---- DATA PROVIDED

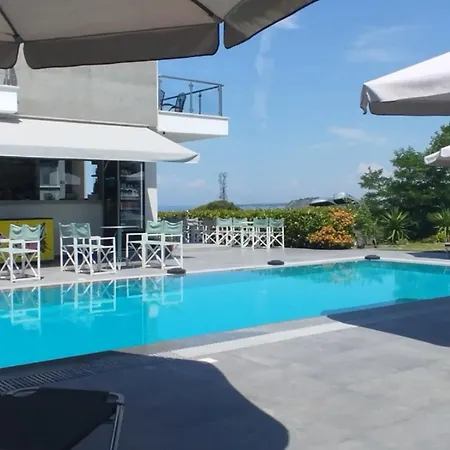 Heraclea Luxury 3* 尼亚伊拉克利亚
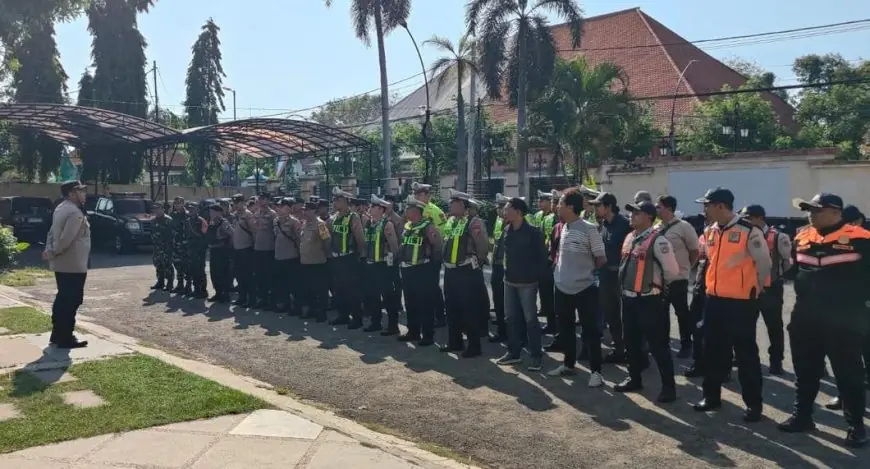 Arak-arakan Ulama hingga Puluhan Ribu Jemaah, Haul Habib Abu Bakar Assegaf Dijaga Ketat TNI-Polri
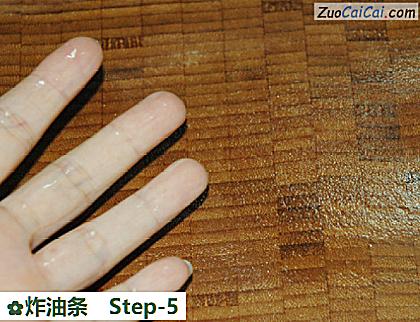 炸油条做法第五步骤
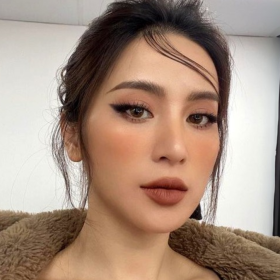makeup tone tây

--------
---- DATA PROVIDED

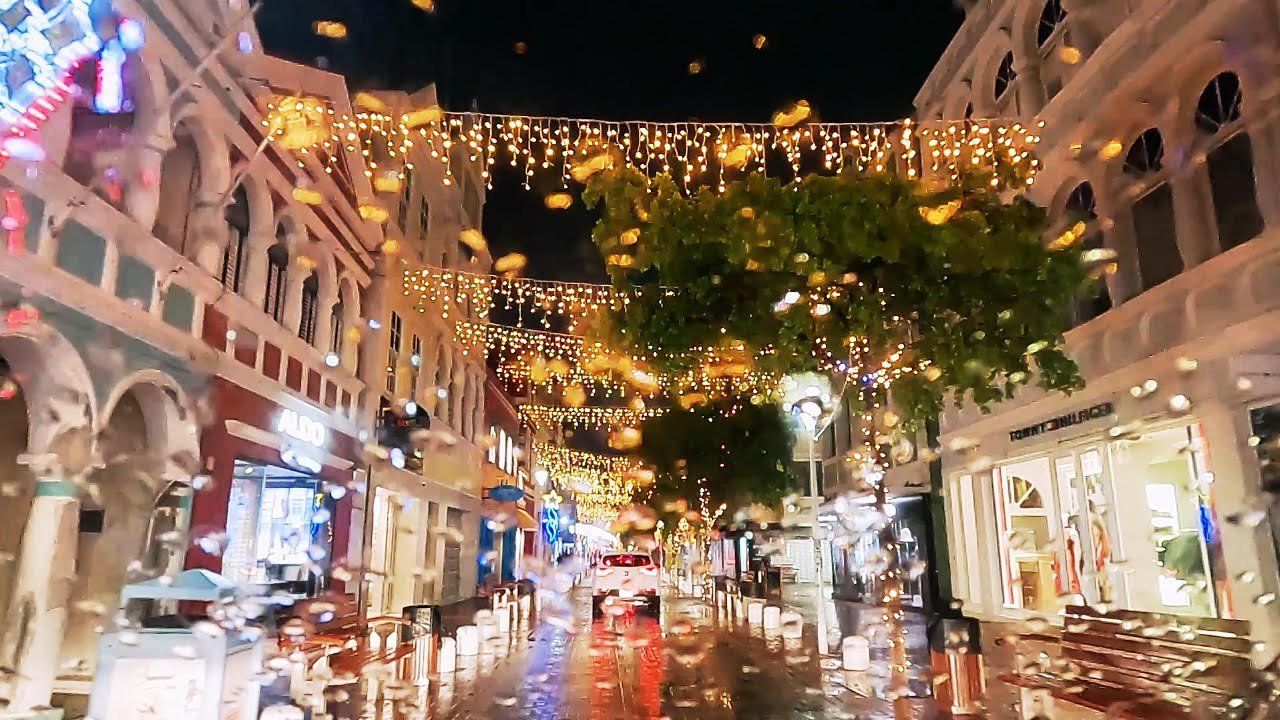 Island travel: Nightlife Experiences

--------

= ACTIVITY =
Of the records above, print only the lines from the one containing "Heraclea Luxury 3* 尼亚伊拉克利亚" through the one containing "makeup tone tây", inclusive and unaltered, leaving out pictures.

= ANSWER TO THE EXERCISE =
 Heraclea Luxury 3* 尼亚伊拉克利亚
 Arak-arakan Ulama hingga Puluhan Ribu Jemaah, Haul Habib Abu Bakar Assegaf Dijaga Ketat TNI-Polri
 炸油条做法第五步骤
makeup tone tây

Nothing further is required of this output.